Les constructivistes soutiennent habituellement le principe philosophique que les agents sont les auteurs du monde social : la réalité sociale est intersubjective dans la mesure où elle est socialement construite par ces agents. Métathéoriquement, ce principe philosophique implique que la réalité sociale (ontologie) ainsi que la connaissance de celle-ci (épistémologie) soient socialement construites. Ce faisant, ces suppositions préalables avancent une conception discursive ou idéelle des relations internationales et amènent le chercheur à proposer un compte rendu holistique de la problématique agent-structure[33], présumant en effet que les impacts de la structure sociale ne peuvent être réduits à la seule interaction ou à la seule existence d’agents indépendants.

C’est d’ailleurs autour de cette dernière problématique qu’il est possible d’examiner les concepts centraux – culture d’anarchie, de processus et d’identité – que Wendt présente au sein de son ontologie sociale. En utilisant l’apport de la théorie de la structuration et l’interactionnisme symbolique, Wendt plaide en faveur de deux choses : d’abord, en faveur du fait que l’agent et la structure ont un statut ontologique équivalent et qu’ils se constituent mutuellement même si ce sont deux entités distinctes l’une de l’autre[34] ; ensuite, en faveur du fait qu’il n’existe pas, comme il a été noté plus haut, de logique d’anarchie et que la présence d’un système waltzien de « sauve-qui-peut » est plutôt due aux processus, c’est-à-dire aux pratiques continuelles des États en tant qu’agents : l’anarchie ne serait que ce que les États veulent bien en faire[35]. Quoi qu’il inscrive sa pensée à l’intérieur des frontières orthodoxes de la discipline[36], Wendt essaie de développer une interprétation étato-centrée un peu plus malléable que celle des rationalistes : une interprétation qui puisse mieux rendre compte des changements structurels au sein du système international ou permette de mieux les comprendre. Toutefois, comme on cherche à le démontrer ici, l’ontologie constructiviste de Wendt apparaît paradoxalement faire autre chose que de la construction, principalement parce qu’il semble exister dans son constructivisme moderniste une « réalité » a priori, suggérant ainsi la présence de deux discours ontologiques contradictoires au sein même du discours métathéorique.

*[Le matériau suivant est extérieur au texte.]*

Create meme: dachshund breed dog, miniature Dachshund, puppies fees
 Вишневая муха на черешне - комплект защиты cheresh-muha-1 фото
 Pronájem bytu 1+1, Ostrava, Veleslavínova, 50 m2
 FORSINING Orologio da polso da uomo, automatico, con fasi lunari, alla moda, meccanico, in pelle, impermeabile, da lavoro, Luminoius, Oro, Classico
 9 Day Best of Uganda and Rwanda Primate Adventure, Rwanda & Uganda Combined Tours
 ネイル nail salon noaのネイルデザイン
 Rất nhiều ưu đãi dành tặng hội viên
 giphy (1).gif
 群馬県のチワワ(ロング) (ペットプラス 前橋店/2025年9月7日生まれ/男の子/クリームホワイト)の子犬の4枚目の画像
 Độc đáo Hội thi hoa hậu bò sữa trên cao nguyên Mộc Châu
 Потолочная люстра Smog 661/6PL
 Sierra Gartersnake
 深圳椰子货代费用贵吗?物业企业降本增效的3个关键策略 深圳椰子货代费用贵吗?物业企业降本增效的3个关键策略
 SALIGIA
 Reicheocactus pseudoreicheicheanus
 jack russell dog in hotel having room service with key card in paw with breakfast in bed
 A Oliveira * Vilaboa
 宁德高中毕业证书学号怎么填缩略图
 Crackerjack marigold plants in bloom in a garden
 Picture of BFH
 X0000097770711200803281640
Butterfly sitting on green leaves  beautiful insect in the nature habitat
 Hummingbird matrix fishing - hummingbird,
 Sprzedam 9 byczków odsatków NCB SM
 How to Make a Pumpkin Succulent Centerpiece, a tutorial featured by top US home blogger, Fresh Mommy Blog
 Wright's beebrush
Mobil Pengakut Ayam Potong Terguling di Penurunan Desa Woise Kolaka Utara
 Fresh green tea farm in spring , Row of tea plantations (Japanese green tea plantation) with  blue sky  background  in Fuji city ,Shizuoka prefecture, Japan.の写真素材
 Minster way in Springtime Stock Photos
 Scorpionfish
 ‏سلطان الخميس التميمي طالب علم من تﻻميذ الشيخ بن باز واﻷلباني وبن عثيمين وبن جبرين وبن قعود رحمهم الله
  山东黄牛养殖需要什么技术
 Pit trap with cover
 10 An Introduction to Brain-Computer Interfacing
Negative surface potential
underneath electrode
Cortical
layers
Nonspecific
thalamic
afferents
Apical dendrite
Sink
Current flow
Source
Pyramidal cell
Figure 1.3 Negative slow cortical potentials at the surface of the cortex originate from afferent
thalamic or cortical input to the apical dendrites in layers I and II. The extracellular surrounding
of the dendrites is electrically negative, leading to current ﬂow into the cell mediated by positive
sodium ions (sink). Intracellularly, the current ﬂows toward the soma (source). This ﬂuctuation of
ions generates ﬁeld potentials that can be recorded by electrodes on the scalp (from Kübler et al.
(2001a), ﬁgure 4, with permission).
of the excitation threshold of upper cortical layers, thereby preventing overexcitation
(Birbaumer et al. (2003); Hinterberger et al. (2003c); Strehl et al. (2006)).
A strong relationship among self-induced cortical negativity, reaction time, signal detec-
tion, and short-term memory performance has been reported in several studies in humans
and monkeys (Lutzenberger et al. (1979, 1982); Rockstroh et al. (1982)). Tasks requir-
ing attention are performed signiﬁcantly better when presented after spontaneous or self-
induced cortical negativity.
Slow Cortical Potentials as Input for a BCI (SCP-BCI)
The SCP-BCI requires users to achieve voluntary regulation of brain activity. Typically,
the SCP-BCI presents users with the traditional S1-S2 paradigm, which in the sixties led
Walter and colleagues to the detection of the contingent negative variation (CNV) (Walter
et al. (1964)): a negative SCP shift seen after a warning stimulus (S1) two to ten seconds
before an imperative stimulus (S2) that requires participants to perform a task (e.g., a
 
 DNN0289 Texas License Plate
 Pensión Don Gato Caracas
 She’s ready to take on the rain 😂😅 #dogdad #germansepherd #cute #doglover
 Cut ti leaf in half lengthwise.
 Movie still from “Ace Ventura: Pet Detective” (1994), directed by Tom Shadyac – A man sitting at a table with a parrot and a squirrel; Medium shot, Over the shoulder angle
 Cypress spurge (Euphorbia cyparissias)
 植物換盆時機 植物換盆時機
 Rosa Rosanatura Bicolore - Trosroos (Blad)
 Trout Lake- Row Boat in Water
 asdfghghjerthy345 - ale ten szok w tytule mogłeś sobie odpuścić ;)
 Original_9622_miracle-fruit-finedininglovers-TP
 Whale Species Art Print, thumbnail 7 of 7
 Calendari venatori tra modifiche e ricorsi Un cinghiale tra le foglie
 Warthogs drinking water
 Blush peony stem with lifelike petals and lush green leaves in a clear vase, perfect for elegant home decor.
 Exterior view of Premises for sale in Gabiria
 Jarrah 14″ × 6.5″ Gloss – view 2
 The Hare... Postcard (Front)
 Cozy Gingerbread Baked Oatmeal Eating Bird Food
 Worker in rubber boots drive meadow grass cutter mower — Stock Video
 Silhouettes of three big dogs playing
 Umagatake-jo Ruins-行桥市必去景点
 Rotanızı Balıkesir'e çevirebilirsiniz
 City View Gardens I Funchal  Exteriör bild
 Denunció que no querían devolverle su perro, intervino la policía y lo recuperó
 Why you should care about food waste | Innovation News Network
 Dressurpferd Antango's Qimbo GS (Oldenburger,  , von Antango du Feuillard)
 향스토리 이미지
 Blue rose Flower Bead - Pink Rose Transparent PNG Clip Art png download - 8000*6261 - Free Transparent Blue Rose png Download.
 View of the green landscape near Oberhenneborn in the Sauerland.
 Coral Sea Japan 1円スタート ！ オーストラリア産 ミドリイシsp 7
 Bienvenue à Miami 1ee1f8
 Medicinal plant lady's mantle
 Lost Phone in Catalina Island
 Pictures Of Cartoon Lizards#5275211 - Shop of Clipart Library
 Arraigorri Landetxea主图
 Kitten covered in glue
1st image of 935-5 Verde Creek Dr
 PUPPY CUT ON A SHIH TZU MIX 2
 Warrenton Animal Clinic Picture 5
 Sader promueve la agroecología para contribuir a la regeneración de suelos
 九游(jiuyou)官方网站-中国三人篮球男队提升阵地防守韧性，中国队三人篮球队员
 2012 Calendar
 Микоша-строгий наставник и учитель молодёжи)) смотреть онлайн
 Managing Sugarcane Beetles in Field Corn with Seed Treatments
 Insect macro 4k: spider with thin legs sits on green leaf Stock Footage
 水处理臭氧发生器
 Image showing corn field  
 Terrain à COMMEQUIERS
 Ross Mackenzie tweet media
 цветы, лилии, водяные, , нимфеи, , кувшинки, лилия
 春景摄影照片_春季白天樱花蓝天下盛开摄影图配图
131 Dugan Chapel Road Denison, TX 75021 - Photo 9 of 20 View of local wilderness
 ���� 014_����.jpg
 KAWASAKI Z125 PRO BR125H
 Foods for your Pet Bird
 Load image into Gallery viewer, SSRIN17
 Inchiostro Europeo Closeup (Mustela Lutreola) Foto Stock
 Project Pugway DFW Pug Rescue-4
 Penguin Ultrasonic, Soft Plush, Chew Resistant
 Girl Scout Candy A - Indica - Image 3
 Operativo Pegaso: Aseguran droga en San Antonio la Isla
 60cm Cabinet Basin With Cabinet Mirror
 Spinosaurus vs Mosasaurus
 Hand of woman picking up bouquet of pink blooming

Telle que la conçoit Wendt, la structure du système international est comprise comme une culture anarchique dans laquelle sont enlisés des États définis en tant qu’agents. Les États qui se retrouvent dans une culture anarchique seraient donc partiellement construits par celle-ci. Néanmoins, Wendt souligne que ce qui l’intéresse n’est pas tant de savoir comment les éléments (les États) du système international sont construits, que de savoir comment ce système fonctionne[37]. Ayant noté que la structure du système ne possède pas qu’une seule logique, il identifie trois cultures anarchiques différentes – hobbesienne, lockienne et kantienne – ayant chacune sa propre logique et possédant aussi la possibilité d’être internalisée à trois différents degrés : au premier, l’acteur est contraint dans une culture ; au second, l’acteur estime être dans son intérêt de participer à une culture ; au troisième, l’acteur perçoit comme légitime la culture dans laquelle il se trouve. Ce n’est qu’au troisième niveau d’internalisation, écrit Wendt, que la structure a un réel effet de construction sur les acteurs qui la composent[38]. En somme, si neuf possibilités de structures internationales apparaissent possibles[39], seules trois sont vraiment constructivistes (les cultures internalisées au troisième degré), tandis que les six autres sont liées soit à une logique réaliste de puissance (premier degré), soit à une logique instrumentale de calcul coûts/bénéfices (second degré)[40]. L’argumentation proprement constructiviste est très faible à ce niveau dans la mesure où les identités et les intérêts sont plus souvent exogènes au système, que construits par lui. C’est d’ailleurs cette même critique qui est souvent avancée contre les approches rationalistes[41].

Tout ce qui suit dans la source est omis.